今回は「データ駆動で未来を拓く:ゴルフ場のマーケティングにおけるDX」というタイトルで、日本のゴルフ場が誇るおもてなしの精神を代替するのではなく、むしろ強化し、持続的な成長を実現するための必須戦略であるマーケティングにおけるDXについてまとめておりますので、ご一読いただけますと幸いです。

目次

本文

現代のゴルフ場経営は、ゴルファー人口の減少と高齢化、そして深刻な人手不足といった構造的な逆風に直面しています。レジャーが多様化する中で、従来の会員権や紙媒体に依存したマーケティング手法では、デジタルネイティブである若年層や女性といった新たな顧客層にリーチすることは極めて困難です。

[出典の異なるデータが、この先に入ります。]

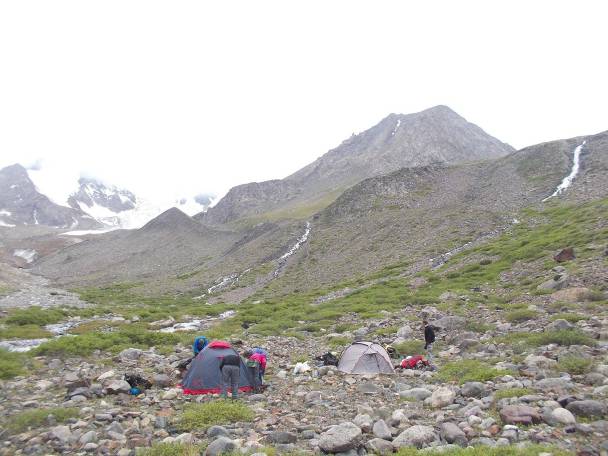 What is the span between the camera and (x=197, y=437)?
1016cm

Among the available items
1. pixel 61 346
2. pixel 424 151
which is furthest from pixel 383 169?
pixel 61 346

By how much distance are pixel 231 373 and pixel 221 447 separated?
16.7 feet

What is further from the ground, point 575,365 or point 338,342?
point 575,365

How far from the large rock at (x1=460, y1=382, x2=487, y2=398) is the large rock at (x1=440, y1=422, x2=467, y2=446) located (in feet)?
8.45

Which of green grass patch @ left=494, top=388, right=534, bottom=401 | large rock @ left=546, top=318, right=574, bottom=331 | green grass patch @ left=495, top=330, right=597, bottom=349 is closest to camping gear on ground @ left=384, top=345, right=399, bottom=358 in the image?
green grass patch @ left=495, top=330, right=597, bottom=349

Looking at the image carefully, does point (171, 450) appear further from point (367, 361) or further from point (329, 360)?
point (329, 360)

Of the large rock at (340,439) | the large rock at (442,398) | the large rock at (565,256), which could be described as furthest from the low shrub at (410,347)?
the large rock at (565,256)

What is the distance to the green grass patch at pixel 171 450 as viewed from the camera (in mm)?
8849

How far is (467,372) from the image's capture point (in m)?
13.7

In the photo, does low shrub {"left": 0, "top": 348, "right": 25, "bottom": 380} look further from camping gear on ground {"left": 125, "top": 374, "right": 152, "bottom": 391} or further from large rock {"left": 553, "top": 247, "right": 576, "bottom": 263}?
large rock {"left": 553, "top": 247, "right": 576, "bottom": 263}

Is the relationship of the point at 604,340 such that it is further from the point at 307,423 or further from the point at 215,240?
the point at 215,240

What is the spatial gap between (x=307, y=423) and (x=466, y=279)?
2817 centimetres

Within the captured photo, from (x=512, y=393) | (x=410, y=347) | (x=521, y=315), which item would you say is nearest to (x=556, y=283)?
(x=521, y=315)

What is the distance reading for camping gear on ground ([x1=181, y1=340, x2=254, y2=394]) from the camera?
1421 cm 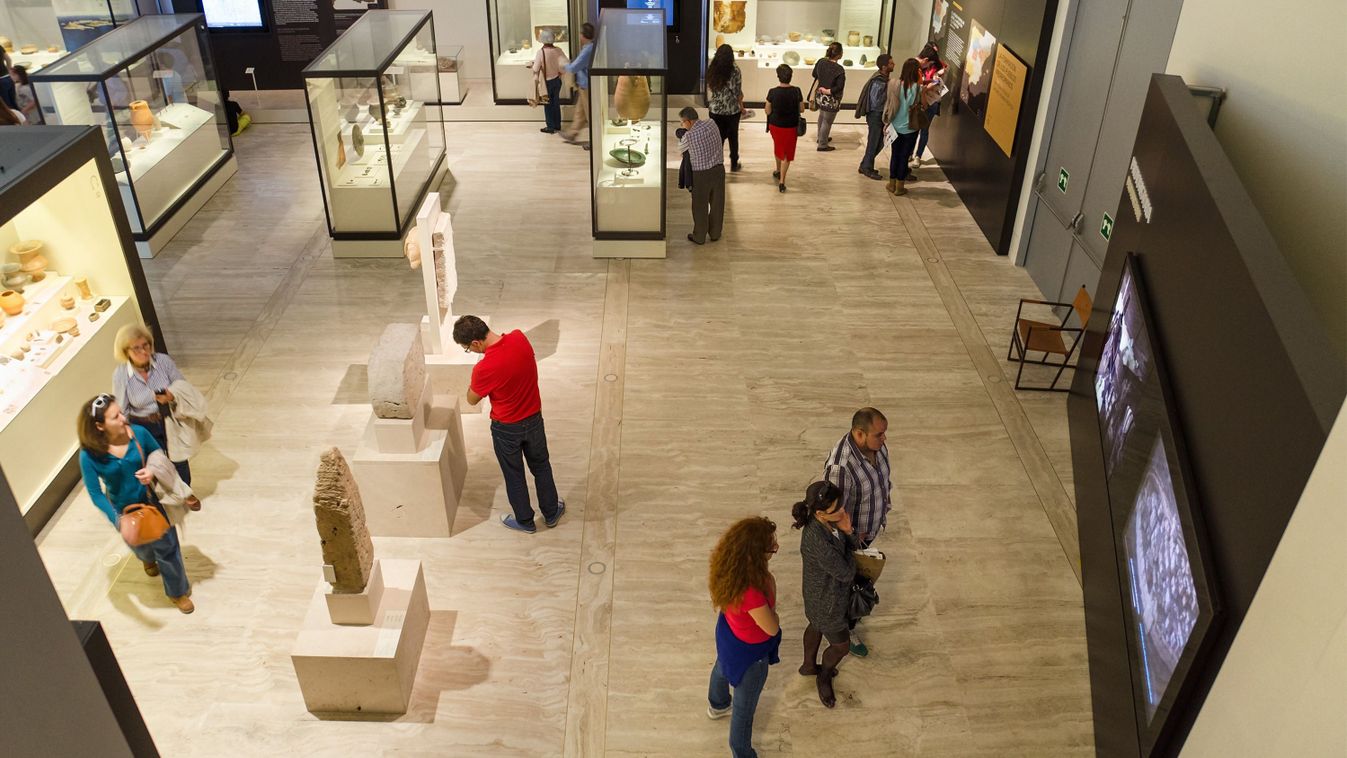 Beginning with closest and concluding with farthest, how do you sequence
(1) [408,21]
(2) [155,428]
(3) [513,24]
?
(2) [155,428] → (1) [408,21] → (3) [513,24]

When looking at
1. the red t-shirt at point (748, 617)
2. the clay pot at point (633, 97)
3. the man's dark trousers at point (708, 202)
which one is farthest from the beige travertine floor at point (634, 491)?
the clay pot at point (633, 97)

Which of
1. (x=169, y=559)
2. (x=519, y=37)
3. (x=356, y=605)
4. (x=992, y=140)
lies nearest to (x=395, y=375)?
(x=356, y=605)

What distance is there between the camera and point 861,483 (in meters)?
5.32

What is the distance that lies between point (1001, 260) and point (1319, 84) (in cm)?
538

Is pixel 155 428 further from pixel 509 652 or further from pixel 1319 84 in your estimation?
pixel 1319 84

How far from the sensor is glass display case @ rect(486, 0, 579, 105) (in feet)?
47.0

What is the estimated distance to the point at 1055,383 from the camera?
8.28 m

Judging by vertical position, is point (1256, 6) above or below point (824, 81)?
→ above

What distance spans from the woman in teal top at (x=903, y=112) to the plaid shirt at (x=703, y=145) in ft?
8.48

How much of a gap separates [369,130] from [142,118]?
282 centimetres

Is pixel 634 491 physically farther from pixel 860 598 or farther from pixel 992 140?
pixel 992 140

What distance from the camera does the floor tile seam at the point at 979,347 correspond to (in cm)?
709

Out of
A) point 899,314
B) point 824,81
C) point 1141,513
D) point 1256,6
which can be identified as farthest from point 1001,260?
point 1141,513

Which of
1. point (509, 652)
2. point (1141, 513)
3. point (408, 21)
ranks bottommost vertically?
point (509, 652) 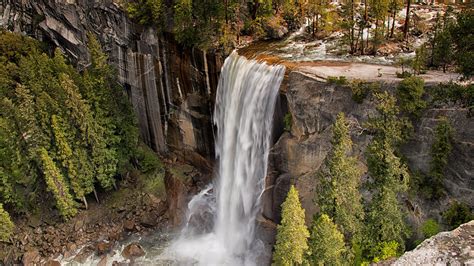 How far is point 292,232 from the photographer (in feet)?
61.4

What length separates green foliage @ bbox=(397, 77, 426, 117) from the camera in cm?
2012

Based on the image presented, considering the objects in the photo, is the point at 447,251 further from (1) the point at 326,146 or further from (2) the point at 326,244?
(1) the point at 326,146

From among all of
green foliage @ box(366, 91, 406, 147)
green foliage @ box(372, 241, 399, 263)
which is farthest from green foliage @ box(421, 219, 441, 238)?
green foliage @ box(366, 91, 406, 147)

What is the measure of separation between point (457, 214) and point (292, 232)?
864cm

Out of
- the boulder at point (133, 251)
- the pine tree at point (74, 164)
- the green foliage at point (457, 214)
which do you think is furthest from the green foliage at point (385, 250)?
the pine tree at point (74, 164)

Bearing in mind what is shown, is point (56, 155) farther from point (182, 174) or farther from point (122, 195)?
point (182, 174)

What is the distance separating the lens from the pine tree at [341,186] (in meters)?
17.5

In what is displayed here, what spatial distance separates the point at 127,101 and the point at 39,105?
7.56 metres

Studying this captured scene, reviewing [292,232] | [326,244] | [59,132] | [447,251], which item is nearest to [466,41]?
[326,244]

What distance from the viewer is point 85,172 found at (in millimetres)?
33781

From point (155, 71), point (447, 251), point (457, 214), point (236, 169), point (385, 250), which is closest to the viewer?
point (447, 251)

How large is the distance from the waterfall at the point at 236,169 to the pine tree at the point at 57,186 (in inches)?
372

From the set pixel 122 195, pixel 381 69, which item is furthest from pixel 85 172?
pixel 381 69

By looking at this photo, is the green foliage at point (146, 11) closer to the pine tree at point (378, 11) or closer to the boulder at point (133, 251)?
the pine tree at point (378, 11)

この状況を打開する鍵が、デジタルトランスフォーメーション(DX)です。DXとは、単に紙の台帳をExcelにするといった「デジタル化」ではなく、データとテクノロジーを用いてビジネスモデルや顧客体験そのものを根本から変革し、新たな価値を創造する経営戦略を指します。

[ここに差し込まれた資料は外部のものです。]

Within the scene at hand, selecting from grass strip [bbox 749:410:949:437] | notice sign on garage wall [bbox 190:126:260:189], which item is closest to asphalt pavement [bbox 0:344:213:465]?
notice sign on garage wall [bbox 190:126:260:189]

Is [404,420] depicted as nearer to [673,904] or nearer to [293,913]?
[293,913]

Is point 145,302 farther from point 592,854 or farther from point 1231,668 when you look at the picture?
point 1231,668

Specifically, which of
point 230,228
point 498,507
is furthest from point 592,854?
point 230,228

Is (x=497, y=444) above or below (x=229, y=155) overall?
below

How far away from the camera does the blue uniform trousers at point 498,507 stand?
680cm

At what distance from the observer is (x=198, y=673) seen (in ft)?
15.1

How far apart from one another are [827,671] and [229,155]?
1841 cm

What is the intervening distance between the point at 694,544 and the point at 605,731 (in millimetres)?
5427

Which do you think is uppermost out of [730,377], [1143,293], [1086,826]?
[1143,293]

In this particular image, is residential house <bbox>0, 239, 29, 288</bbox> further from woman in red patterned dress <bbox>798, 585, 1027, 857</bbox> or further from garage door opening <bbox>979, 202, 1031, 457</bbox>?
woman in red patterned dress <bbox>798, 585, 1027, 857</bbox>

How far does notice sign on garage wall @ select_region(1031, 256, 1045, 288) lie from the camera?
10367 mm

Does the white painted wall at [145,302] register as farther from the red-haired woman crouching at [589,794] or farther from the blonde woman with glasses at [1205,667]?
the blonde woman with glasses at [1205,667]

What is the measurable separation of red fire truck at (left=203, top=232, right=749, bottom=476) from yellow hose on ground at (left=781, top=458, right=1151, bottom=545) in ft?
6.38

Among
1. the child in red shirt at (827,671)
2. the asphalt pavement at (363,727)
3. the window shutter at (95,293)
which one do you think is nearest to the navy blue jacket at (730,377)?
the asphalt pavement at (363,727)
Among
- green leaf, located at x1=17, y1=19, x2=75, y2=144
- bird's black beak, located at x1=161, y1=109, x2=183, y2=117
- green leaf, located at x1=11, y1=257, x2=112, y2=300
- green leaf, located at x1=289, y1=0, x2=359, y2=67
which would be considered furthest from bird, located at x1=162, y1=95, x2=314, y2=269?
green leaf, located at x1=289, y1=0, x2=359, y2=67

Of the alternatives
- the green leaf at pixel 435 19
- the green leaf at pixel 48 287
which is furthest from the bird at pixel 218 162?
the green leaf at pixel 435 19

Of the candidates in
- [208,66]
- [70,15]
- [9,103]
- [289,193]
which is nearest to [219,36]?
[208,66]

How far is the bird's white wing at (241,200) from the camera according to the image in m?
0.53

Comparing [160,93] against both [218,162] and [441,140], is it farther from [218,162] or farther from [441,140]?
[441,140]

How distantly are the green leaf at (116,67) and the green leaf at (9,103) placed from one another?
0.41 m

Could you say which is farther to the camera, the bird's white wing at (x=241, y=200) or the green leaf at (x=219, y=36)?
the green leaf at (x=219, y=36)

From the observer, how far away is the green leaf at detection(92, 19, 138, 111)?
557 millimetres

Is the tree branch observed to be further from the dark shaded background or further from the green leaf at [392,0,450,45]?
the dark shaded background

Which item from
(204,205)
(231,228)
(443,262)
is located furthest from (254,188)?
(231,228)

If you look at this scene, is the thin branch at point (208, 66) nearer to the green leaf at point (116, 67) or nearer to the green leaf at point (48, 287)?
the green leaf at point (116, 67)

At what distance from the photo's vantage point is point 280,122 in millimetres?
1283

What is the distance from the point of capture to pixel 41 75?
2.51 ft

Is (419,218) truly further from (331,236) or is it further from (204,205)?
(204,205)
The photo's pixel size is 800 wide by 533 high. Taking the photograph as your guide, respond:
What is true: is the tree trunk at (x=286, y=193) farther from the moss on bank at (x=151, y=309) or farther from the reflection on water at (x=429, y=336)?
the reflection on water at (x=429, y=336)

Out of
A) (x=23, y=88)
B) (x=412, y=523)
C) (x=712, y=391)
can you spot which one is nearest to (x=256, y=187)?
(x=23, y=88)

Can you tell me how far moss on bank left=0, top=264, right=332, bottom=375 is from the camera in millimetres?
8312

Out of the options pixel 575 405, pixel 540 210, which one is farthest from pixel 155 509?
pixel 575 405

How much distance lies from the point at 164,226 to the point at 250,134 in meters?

ゴルフ場においては、QRコードや顔認証によるスマートチェックインなどでフロントの定型業務を自動化し、その生産性改善によって創出された時間で、スタッフがCRM(顧客関係管理)システムに蓄積された顧客データを基に、パーソナルなダイレクトメールやクーポンなどを含めた「おもてなし」に集中できるようになります。

DXは、日本のゴルフ場が誇るおもてなしの精神を代替するのではなく、むしろ強化し、持続的な成長を実現するための必須戦略なのです。

すべての起点となる「顧客データ基盤」の構築

あらゆるマーケティングDX施策の成否は、その土台となる「顧客データ基盤」の質にかかっています。多くのゴルフ場では予約、POS、会員情報などが個別のシステムで管理され「データのサイロ化」が起きており、顧客を統合的に理解する妨げとなっています。これでは、同一顧客が複数のデータとして登録され、来場されたお客様が実は過去に何度も来場している優良顧客である可能性を見逃してしまいます。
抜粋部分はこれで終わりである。